● **Data for analysis**
%%

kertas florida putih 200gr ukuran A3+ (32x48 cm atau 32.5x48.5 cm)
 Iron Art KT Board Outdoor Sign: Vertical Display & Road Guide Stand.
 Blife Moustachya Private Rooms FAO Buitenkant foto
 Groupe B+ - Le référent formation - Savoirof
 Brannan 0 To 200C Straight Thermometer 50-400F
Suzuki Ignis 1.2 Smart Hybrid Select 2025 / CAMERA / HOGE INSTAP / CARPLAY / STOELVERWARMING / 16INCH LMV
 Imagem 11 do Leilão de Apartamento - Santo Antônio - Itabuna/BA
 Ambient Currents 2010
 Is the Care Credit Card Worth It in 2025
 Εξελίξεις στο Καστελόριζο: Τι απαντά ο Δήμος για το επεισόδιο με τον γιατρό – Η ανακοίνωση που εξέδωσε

%%

● **How to complete this task**
Print all the records exactly as written.

● **Response below**
kertas florida putih 200gr ukuran A3+ (32x48 cm atau 32.5x48.5 cm)
 Iron Art KT Board Outdoor Sign: Vertical Display & Road Guide Stand.
 Blife Moustachya Private Rooms FAO Buitenkant foto
 Groupe B+ - Le référent formation - Savoirof
 Brannan 0 To 200C Straight Thermometer 50-400F
Suzuki Ignis 1.2 Smart Hybrid Select 2025 / CAMERA / HOGE INSTAP / CARPLAY / STOELVERWARMING / 16INCH LMV
 Imagem 11 do Leilão de Apartamento - Santo Antônio - Itabuna/BA
 Ambient Currents 2010
 Is the Care Credit Card Worth It in 2025
 Εξελίξεις στο Καστελόριζο: Τι απαντά ο Δήμος για το επεισόδιο με τον γιατρό – Η ανακοίνωση που εξέδωσε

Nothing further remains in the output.